2) capable_roles(Ti); the set of roles which have the capability to execute task Ti. 3) Tlist: a list of tasks with topological order in a workflow W

Output: Fail if no valid role-task assignment; Success, otherwise.

assigned_role(T): the role assigned to execute task T in an activation plan;

valid_roles(T): the set of roles that are valid (authorized) to execute task T;

RTplan: a valid role-task plan, i.e., a list of role-task assignment, <Ri, Ti>, of tasks in Tlist;

AllRTplans: a set of all valid RTplans;

begin

GenExecDependency(Tlist, W)

T1 = the first task of Tlist; AllRTplans = {}; RTplan = {};

for each task Ti ∈ Tlist do assigned(Ti) = False;

return RoleAssignment(T1);

end;

function RoleAssignment(Ti: task) : Boolean begin

Tk = NextTaskFromTaskList(Tlist, Ti);

R = ChooseNextRole(valid_roles(Ti));

while R is not Null do assigned_role(Ti) = R;

assigned(Ti) = True;

if Tk == Null then

{ RTplan = CreateNewRTplan(Tlist);

AddRoleTaskPlans(AllRTplans, RTplan);

result = Success; }

else if RoleAssignement(Tk) == Success then result = Success;

R = ChooseNextRole(valid_roles(Ti));

endwhile;

assigned(Ti) = False;

return result;

end

Figure 3. The role-task planning algorithm

Initially, valid_roles(Ti) is the set of roles that are capable to execute the current task T_i. According to the roles previously assigned to tasks and the SoD constraints, roles that are not valid to activate T_i are excluded from valid_roles(T_i). Considering each previously assigned task Tj, where Tj and T_i have execution-dependency (Tj∼ Ti), valid roles for task

Ti must exclude the role assigned to Tj that has a duty-conflict relationship with task Ti (Tj

⊕ Ti). Moreover, if Ti and Tj have a duty-supervising relationship, Ti f T^j, then valid roles of task Ti must have a higher position than the role assigned to Tj.
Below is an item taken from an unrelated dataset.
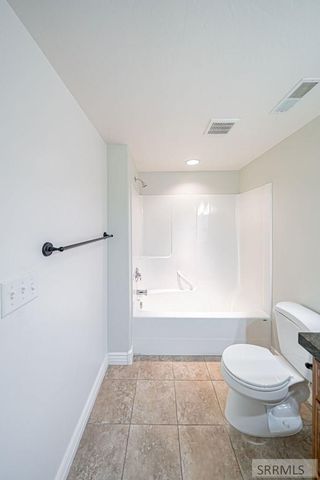 3576 N Flint Avenue, Idaho Falls, ID 83401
After the SoD verification has been conducted, valid_roles(Ti) is the set of roles that can validly activate the current task Ti. The while-loop considers each role in valid_roles(T_i) as a seed to explore possible role-task activation plans by recursively finding role assignments for the subsequent task Tk in Tlist. If the current task is the last task in Tlist, then a valid role-task assignment of the workflow has been found. A new RTplan, an <assigned_role(T_j), Tj> list, is created to record the role assignments according to the assigned_role(Tj), for each task T_j in Tlist. The RTplan is added to the AllRTplans. The algorithm finds all valid role-task plans of a workflow. If only one role-task plan is needed, then the statement “result = Success” in the while-loop can be changed to “return Success”. The algorithm then returns only one valid role-task plan.

The complexity of the role-task planning algorithm is O(mⁿ) in worst case, which m is the maximum number of capable_roles of all tasks and n is the number of tasks in the workflow.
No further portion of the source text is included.